Enfin, les freins à la mise en place du bilan carbone sont notamment la quantité de données d’entrées nécessaires, la complexité de la mise en œuvre du bilan et le coût des études et des leviers d’amélioration. Des outils comme EuroCO2 peuvent être mis en œuvre aux stades amont des projets urbains, avec des données d’entrées générales (plan masse, programmation, ambitions environnementales...) en utilisant des ratios issus de la capitalisation de nombreux projets et études. La prise de données devient donc moins complexe, et les leviers d’amélioration peuvent être identifiés assez tôt dans le projet pour être anticipés. EuroCO2 permet aussi d’obtenir directement, pour un levier donné, à la fois l’impact carbone évité et le surcoût associé, pour arbitrer les choix.
A quoi ressemblerait selon vous un outil idéal pour décarboner les projets urbains ?
L’outil de décarbonation idéal est simple d’utilisation et permet d’étudier des variantes rapidement. Il est partagé entre les différents acteurs du projet (maîtrise d’ouvrage, concepteurs et bureaux d’étude, économiste...).

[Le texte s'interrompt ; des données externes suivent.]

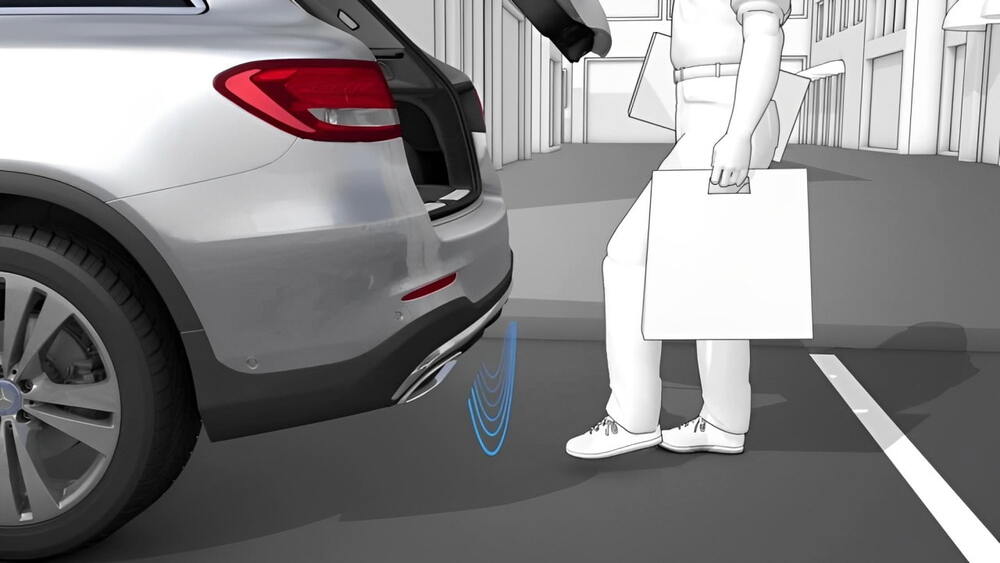 Hệ thống Hands free Mercedes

Il permet de visualiser les coûts pesant sur chaque acteur en fonction du montage financier, avec une approche en coût global. Cet outil doit aussi être transparent sur les hypothèses de calcul.
Les évolutions en cours et futures d’EuroCO2
par Alice Cori, Cheffe de projet, Amoès
Pour clôturer l’évènement, a été présentée au public une nouvelle version d’EuroCO2, permettant de rendre l’outil plus proche des besoins des aménageurs et des concepteurs. Plus ergonomique, intuitive et graphique, cette nouvelle version encore en cours de développement par les équipes d’Une autre ville et d’Amoès pourra être partagée via une plateforme web avec les acteurs du projet, pour faire du bilan carbone un outil réellement collaboratif. Parce qu'une image (une vidéo dans notre cas) vaut 1 000 mots, nous allons prochainement publier une vidéo de démonstration de l’outil.